Kuratiert wurde das Symposium von "Joi" Ito, der auch Geschäftsführer der Urheberrechtsinitiative Creative Commons ist, die sich für einen offenen Zugang zu Informationen und kulturellen Gütern einsetzt.
Es sei wichtig, die wirtschaftlichen Aspekte der durch Computer und Internet entstandenen neuen Kultur des Teilens und der Zusammenarbeit zu untersuchen, denn nur so könnten politische und rechtliche Problemstellungen gelöst werden, meint Ito im E-Mail-Interview mit ORF.at.
Dass die traditionelle Medienindustrie auf eine Verschärfung von Urheberrechtsgesetzen drängt und den Schutz geistigen Eigentums forciert, sei auch die Angst vor dem Unbekannten, so Ito: "Wir bemühen uns um eine Zusammenarbeit und versuchen, hybride Modelle zu entwickeln."
Joichi Ito
Zur Person:
Joichi Ito ist Entrepreneur, Risikokapitalgeber und Geschäftsführer der Urheberrechtsinitiative Creative Commons.
Er hat zahlreiche Internet-Unternehmen, darunter Flickr, Technorati, Twitter, last.fm und Six Apart, beraten oder in sie investiert.
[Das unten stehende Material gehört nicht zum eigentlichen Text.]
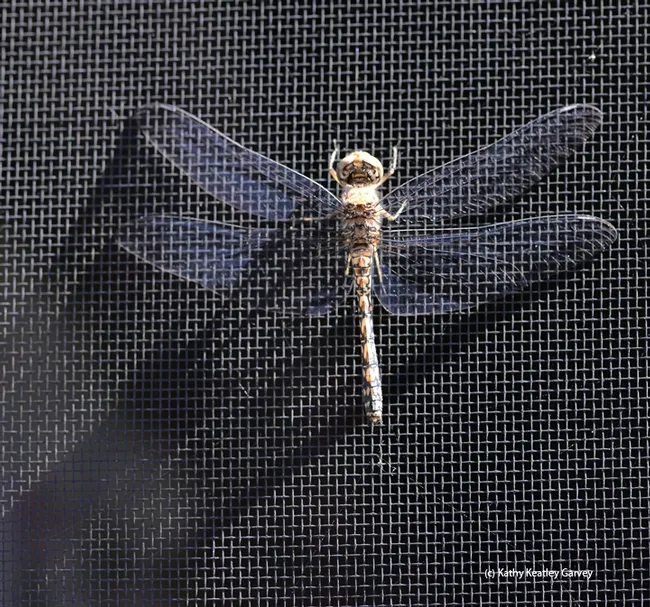 A female blue dasher, Pachydiplax longipennis, as identified by Greg Kareofelas of the Bohart Museum, warms itself on a window screen in the early morning. (Photo by Kathy Keatley Garvey)
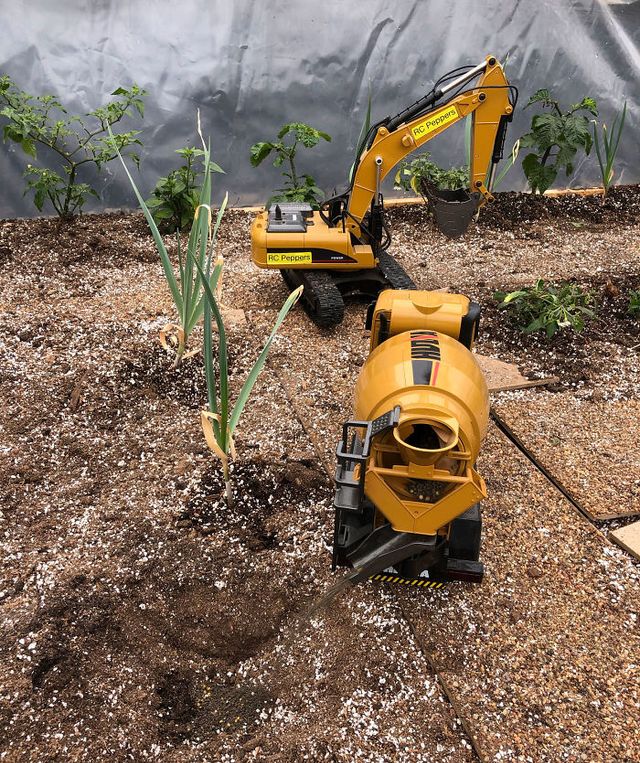 Канадець вирощує гострий перець за допомогою іграшкових вантажних машин: фото - фото 410204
Ito sitzt auch im Direktorium zahlreicher Non-Profit-Organisationen, darunter die Mozilla Foundation, Global Voices und die Menschenrechtsgruppe WITNESS.
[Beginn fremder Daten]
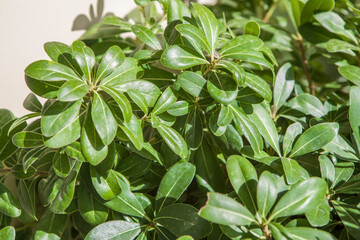 Mock orange or Pittosporum tobira nanum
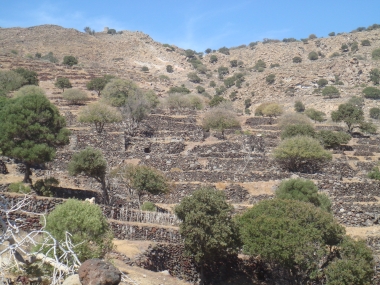 SPILADIA AND BOILERS IN THE VILLAGE AREA- FARMHOUSES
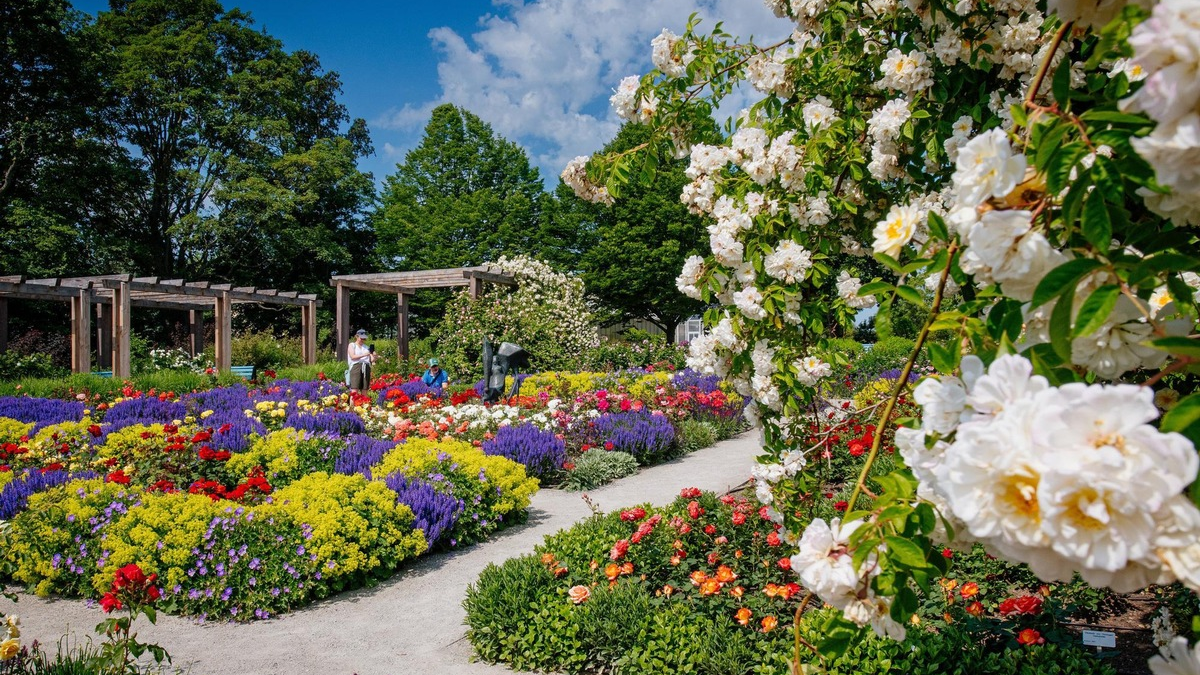 Rosenvielfalt und Rosengartenfest im egapark / Der 22. Juni 2025 steht ganz im Zeichen der Königin der Blumen - Foto: presseportal.de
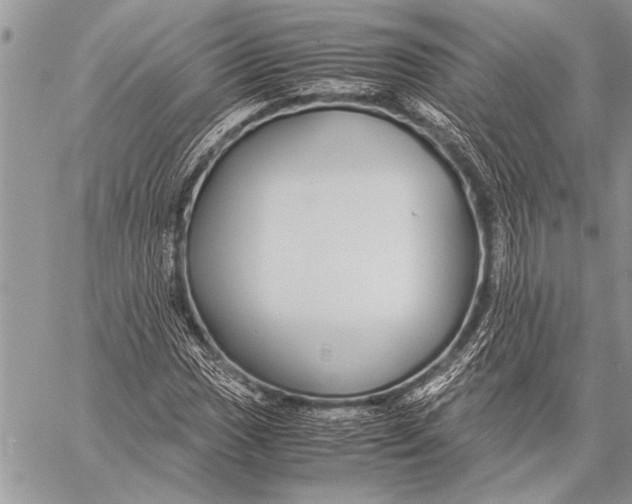 X0000058131017200510171330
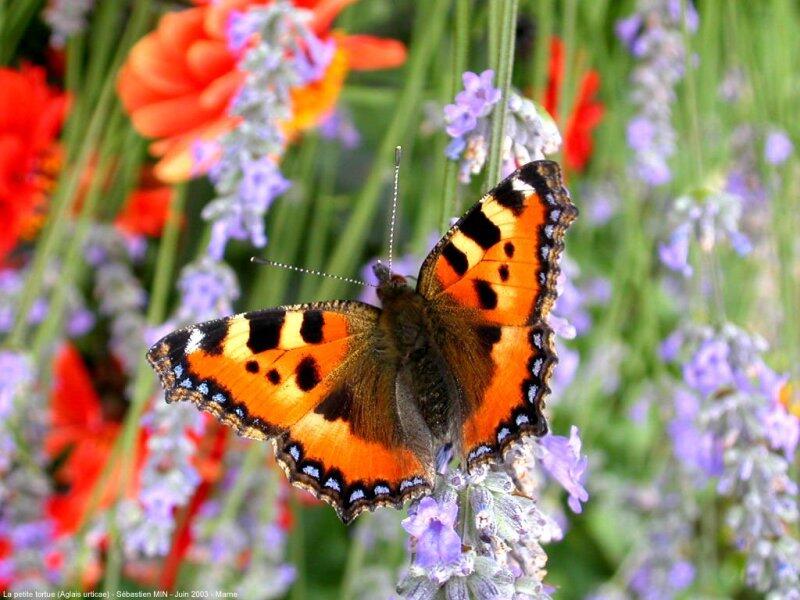papillon_003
ORF.at: Warum brauchen wir eine neue kulturelle Ökonomie?
Joicho Ito: Das Internet und andere Entwicklungen in der Computer- und Kommunikationstechnologie haben eine neue Art der Kultur ermöglicht, an der jeder aktiv teilnehmen kann. Das beste Beispiel dafür ist die Wikipedia. Die Möglichkeiten, die uns das durch diese Technologien veränderte Umfeld bietet, gehen jedoch viel weiter.
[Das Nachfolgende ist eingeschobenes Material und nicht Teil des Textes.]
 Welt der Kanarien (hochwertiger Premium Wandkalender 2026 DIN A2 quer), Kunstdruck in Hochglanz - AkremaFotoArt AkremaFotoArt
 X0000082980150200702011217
Wir diskutieren dieses Potenzial seit Jahren und haben viele technische Fragen gelöst. Wir stehen jedoch auch vor politischen und rechtlichen Problemen. Um sie zu lösen, ist es wichtig, die wirtschaftlichen Faktoren der Kultur des Teilens zu untersuchen.
ORF.at: Welche Regeln könnten einer Ökonomie des Teilens zugrunde liegen?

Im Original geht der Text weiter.